BREAKING DOWN Kenneth Arrow
Born in New York City in 1921, Kenneth Arrow taught at Stanford University, Harvard and the University of Chicago. He earned his Ph.D. from Columbia University, with a dissertation that discussed his impossibility theorem. He later published a book on the same subject. Arrow is also known as one of the first economists to recognize the learning curve.
In what he called the General Impossibility Theorem, Arrow theorized that it was impossible to formulate a social preference ordering that satisfies all of the following conditions:
- Nondictatorship: The preferences of an individual should not become the group ranking without considering the preferences of others.
- Individual Sovereignty: each individual should be able to order the choices in any way and indicate ties
- Unanimity: If every individual prefers one choice to another, then the group ranking should do the same
- Freedom From Irrelevant Alternatives: If a choice is removed, then the others' order should not change
- Uniqueness of Group Rank: The method should yield the same result whenever applied to a set of preferences. The group ranking should be transitive.

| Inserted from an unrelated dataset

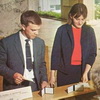 Советская молодежь. В библиотеке. 1967 г.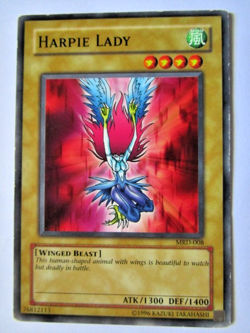 Yugioh! Harpie Lady Mrd-008 Common Unlimited Hard Play!! - Image 1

The General Impossibility Theorem carries implications for welfare economics and theories of justice. It was extended by Amartya Sen to the liberal paradox, which argued that given a status of "Minimal Liberty," there was no way to obtain Pareto optimality, nor was it possible to avoid the problem of social choice of neutral but unequal results.
Legacy of Kenneth Arrow
The importance of Arrow’s theoretical insight has proven its importance over the decades, but he contended that his conclusions about the workings of competitive markets held true only under ideal — that is to say, unrealistic — assumptions. For example, his assumptions ruled out the existence of third-party effects. An example of such of an effect would be the idea that a sale of a product by Harry to Joe would not affect the well-being of Sally. However, this assumption is routinely violated in the real world by the sale of products that harm the environment, for example.
Arrow's later research translated simple ideas into elegant mathematics, which other economists extended into unanticipated directions. One of those notions was “learning by doing,” an idea that Arrow examined in the early 1960s. The basic idea was that the more a company produced, the smarter it got. Decades later, economists incorporated this idea into sophisticated theories of “endogenous growth,” which state that economic growth depends on internal company policies that promote innovation and education.
Kenneth Arrow died on February 21, 2017.